▶ _Given data_:
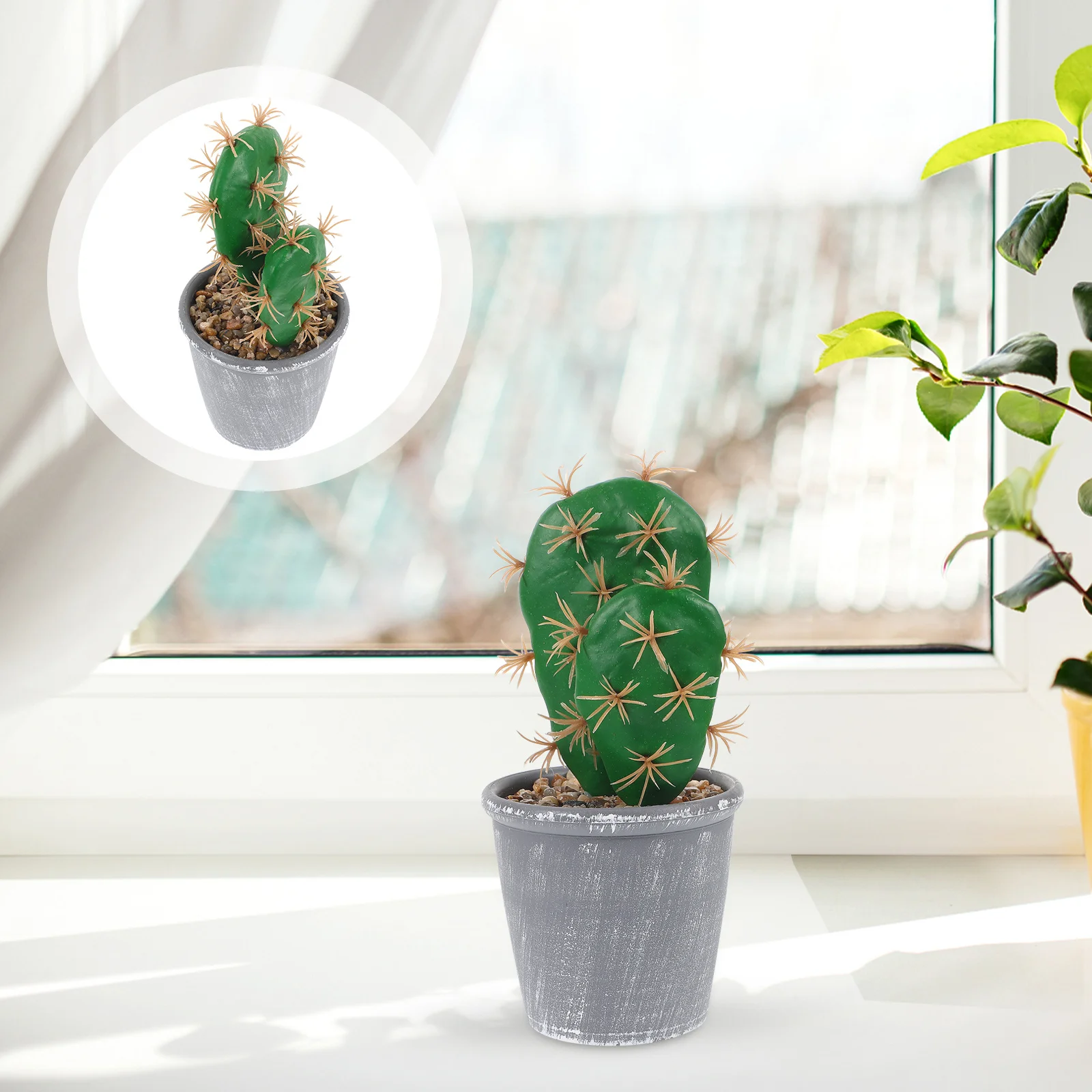 

Extra-Large Simulation Cactus Plant Lifelike Artificial Tropical Plants Decor for Living Room Coffee Table Cabinet Indoor Potted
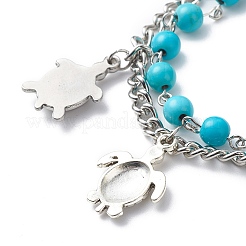 Synthetic Turquoise Beads Multi-strand Bracelets&nbsp;BJEW-JB08753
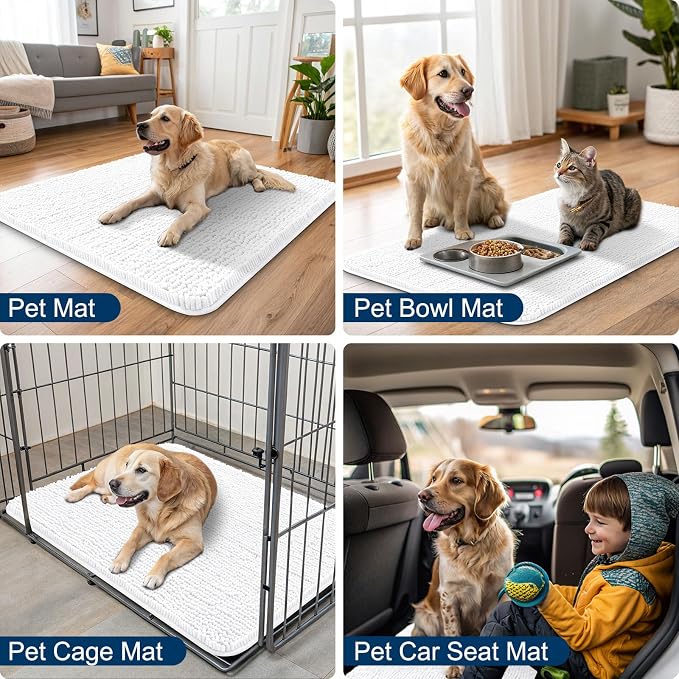Smiry Dog Door Mat for Muddy Paws 70x24, Absorbent Dirt Trapper, Non-Slip - Image 6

▶ _Activity_: Send back the data above verbatim, leaving out its pictures.

▶ _Task solution_:
Extra-Large Simulation Cactus Plant Lifelike Artificial Tropical Plants Decor for Living Room Coffee Table Cabinet Indoor Potted
 Synthetic Turquoise Beads Multi-strand Bracelets&nbsp;BJEW-JB08753
Smiry Dog Door Mat for Muddy Paws 70x24, Absorbent Dirt Trapper, Non-Slip - Image 6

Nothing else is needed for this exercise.